E.g. for a switch connected to networks A: 0xa, B: 0x1, C: 0x3, a only the first byte 0x1 of the packet destined to 0x1234 needs to be processed before forwarding, saving some time compared to LE, where the entire address 0x4321 would have to be processed to find out that it's at the 0x1 network.

baybal2 · on Aug 4, 2019

Registers on anything today will be way wider than few bytes, moreover on network hardware.

The gate savings on doing endiannes specific circuits are close to zero in comparison to many many other things a typical logic block comes with today.

bestouff · on Aug 4, 2019

It's not intended to save gates but time. Bits are (were) serially encoded on the wire, so you could start switching sooner, before even having received the whole header.

baybal2 · on Aug 4, 2019

I understand the rationale, but all that hardware today will probably get more bits on input in a single clock cycle than at the time this was a concern.

Today, you have to process way way more bytes in a single clock cycle anyways.

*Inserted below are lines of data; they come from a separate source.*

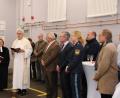 Bild: Thomas Dobler
Der katholische Pfarrvikar Klaus Oskar Lettner (weißer Habit) und die evangelische Pfarrerin Irene Friedrich (daneben) segneten die neue Rettungswache im Beisein von BRK-Kreisgeschäftsführer Otto Josef Langenhan (ganz links) und zahlreichen Rotkreuz-Funktionären und Ehrengästen.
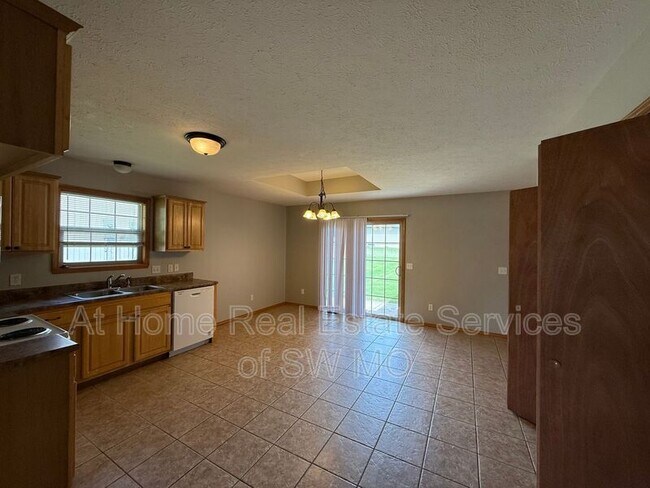 Foto del edificio - 2010 N Bradbury Ln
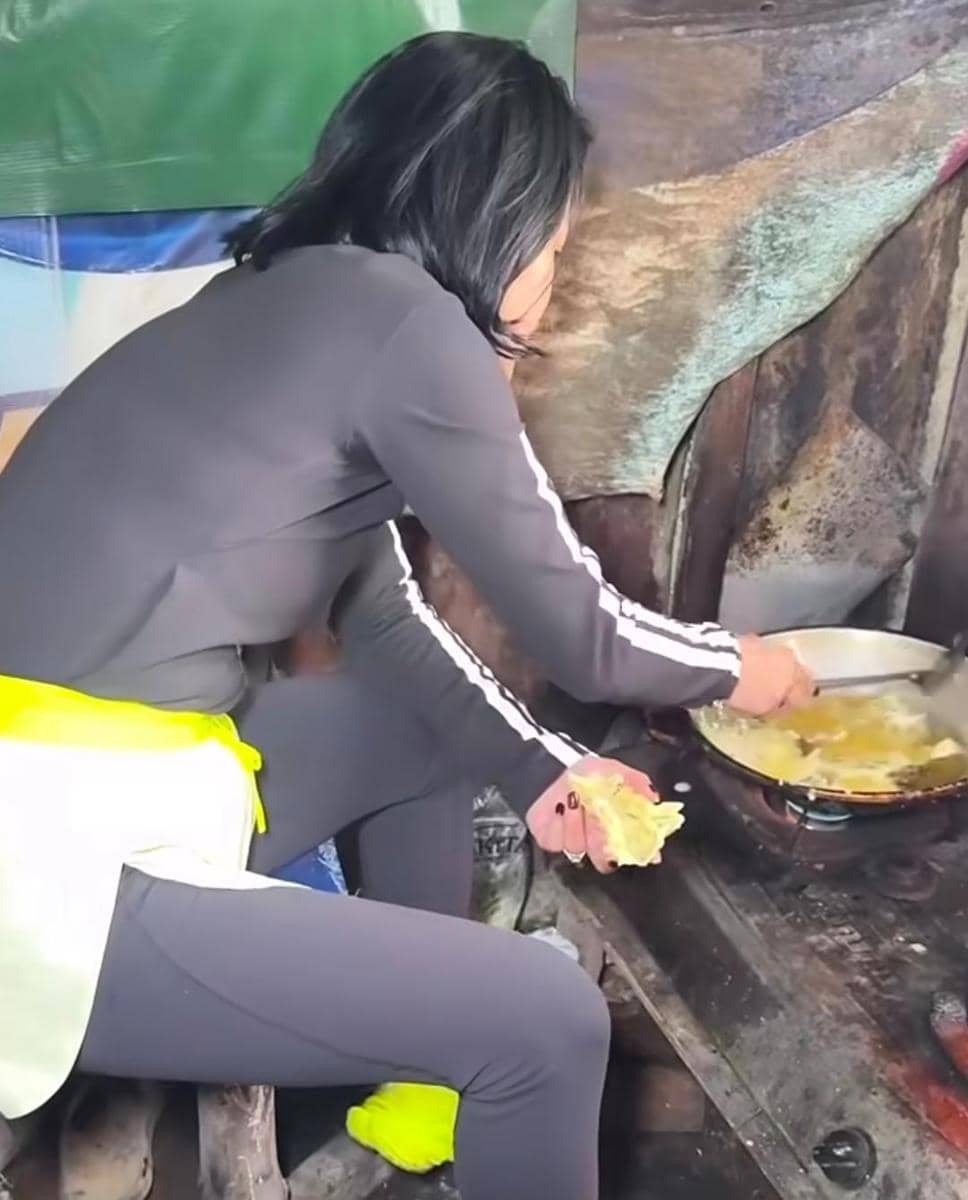 Farida Nurhan mendaki Gunung Sumbing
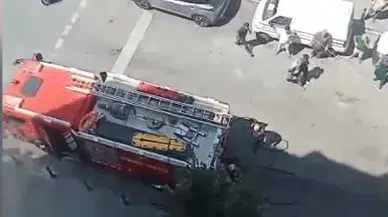 Gaziosmanpaşa'da kapalı ayakkabıcıdan yükselen dumanlar çatıya sığınanları kurtarma operasyonuna dönüştü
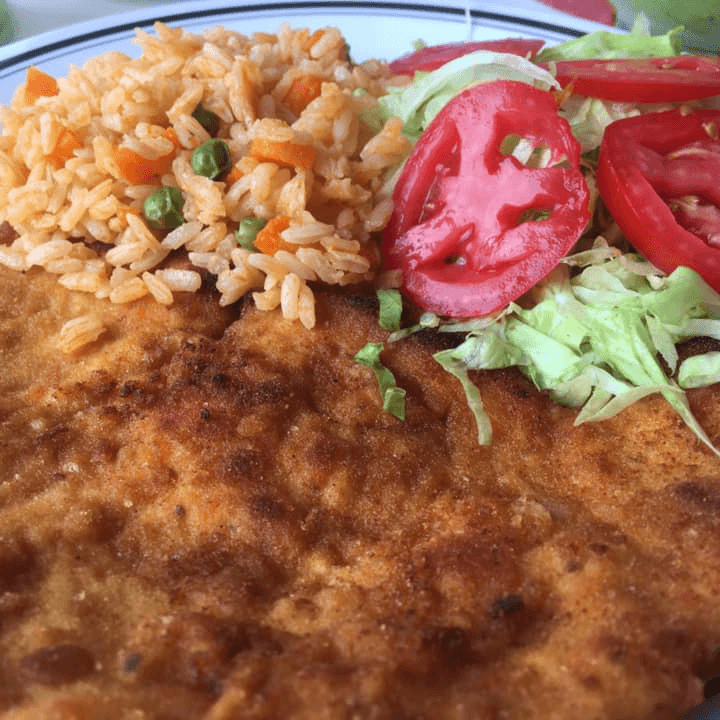 Milanesa de Pollo Empanizada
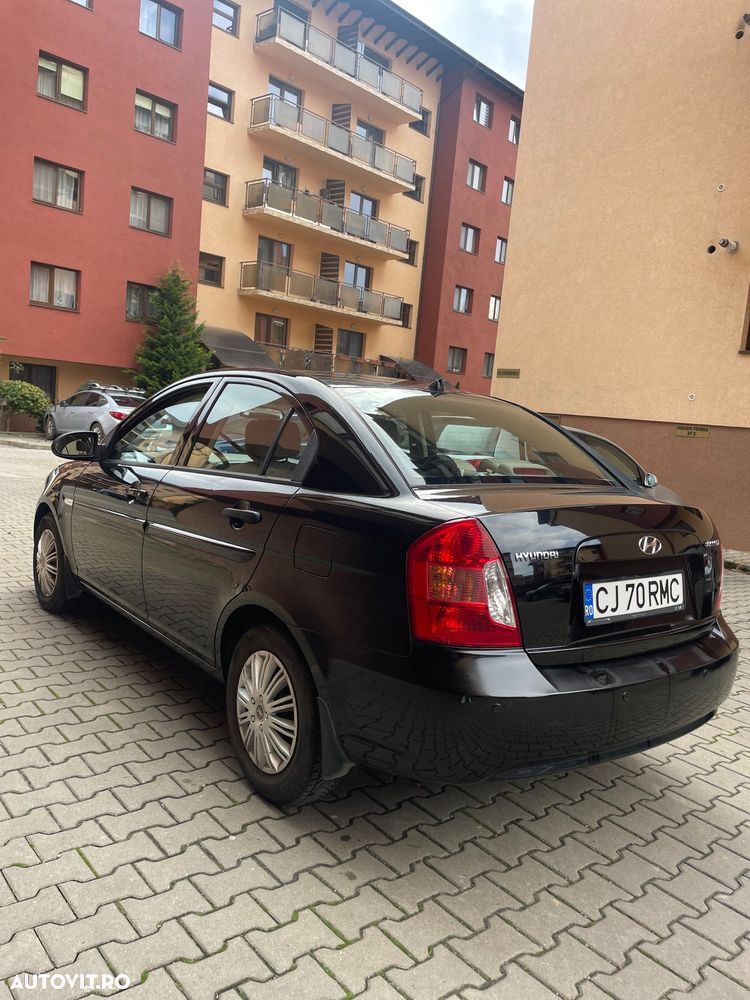 Hyundai Accent MC 1.4 DOHC GL FULL - 5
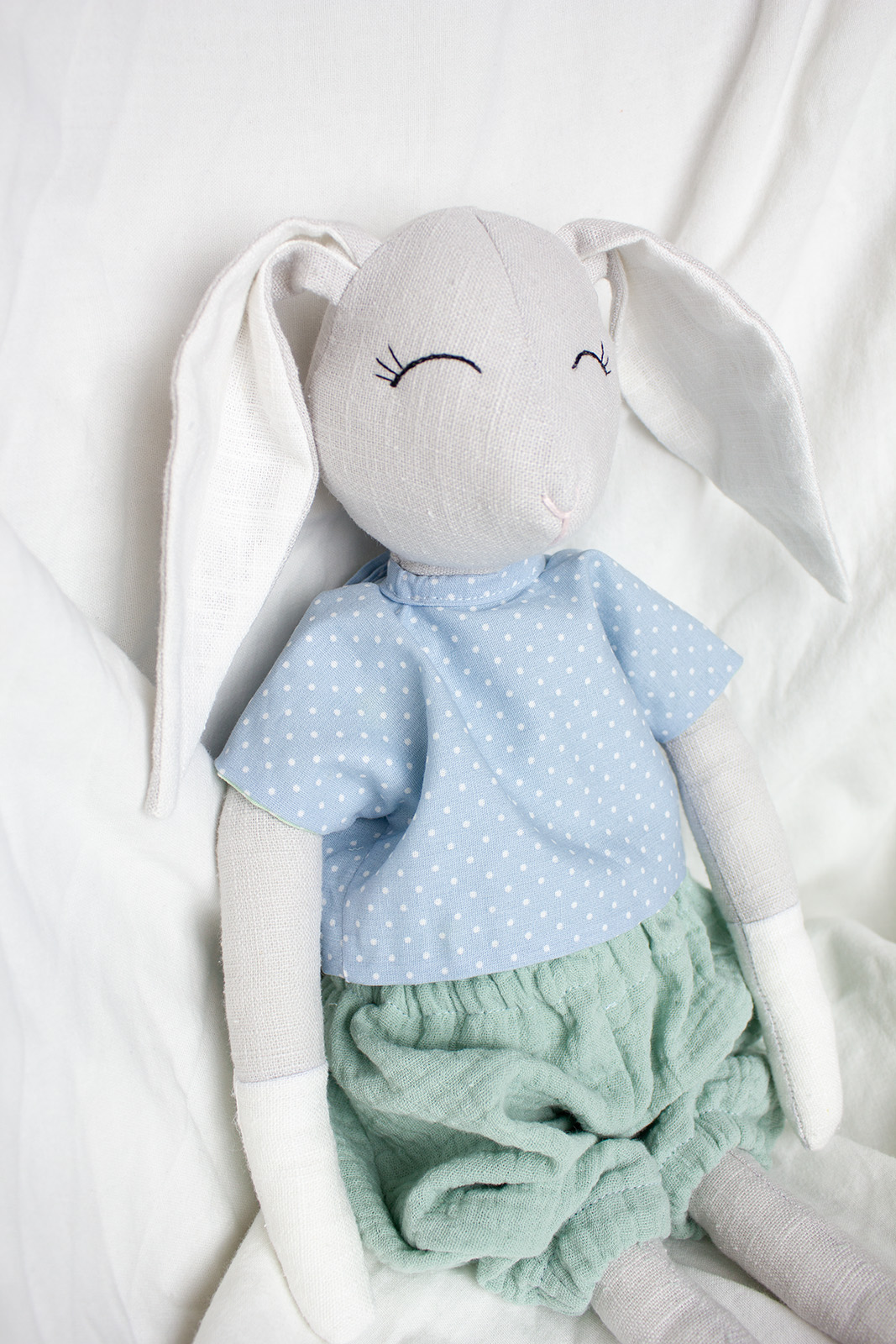 Svetlošedý ľanový zajačik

Internally, for a chip designer, almost all modern high speed serial busses look way wider than a single byte. And all of its serialness is kept inside the transmitter/serdes/interface blocks without any external exposure.

garmaine · on Aug 4, 2019

No. In this context it simply means "network-standard." And the standard has always been big endian for network applications. Not because of any advantage, but simply because that was the standard.

jleahy · on Aug 4, 2019

It makes no difference when you look at the hardware, but an interesting side-note is that Ethernet is natively little bit-endian. That is, if you're sending a byte of data the least significant bit is sent first (think of the pulses of laser light going down a cable). In fact this is true for pretty much all physical layer protocols, as it makes computing the CRC vastly easier.

So if you use big-endian byte orders you're actually sending your bits all jumbled up (bits from the most significant byte first, then the least significant bit from within each byte first).

dang · on Aug 4, 2019

Thread from 2016: https://news.ycombinator.com/item?id=10995726

2015: https://news.ycombinator.com/item?id=9597198

2013: https://news.ycombinator.com/item?id=6932089

2013: https://news.ycombinator.com/item?id=6632576 (the largest)

eadan · on Aug 4, 2019

A recent discussion here on Latacora's "How (not) to sign a JSON object" [0], had me thinking of CBOR. Unlike JSON, MsgPack, protobufs, BSON, or any other commonly used data interchange format that I'm aware of; CBOR has a canonical representation (although, with seeming ambiguity in float representation) [1].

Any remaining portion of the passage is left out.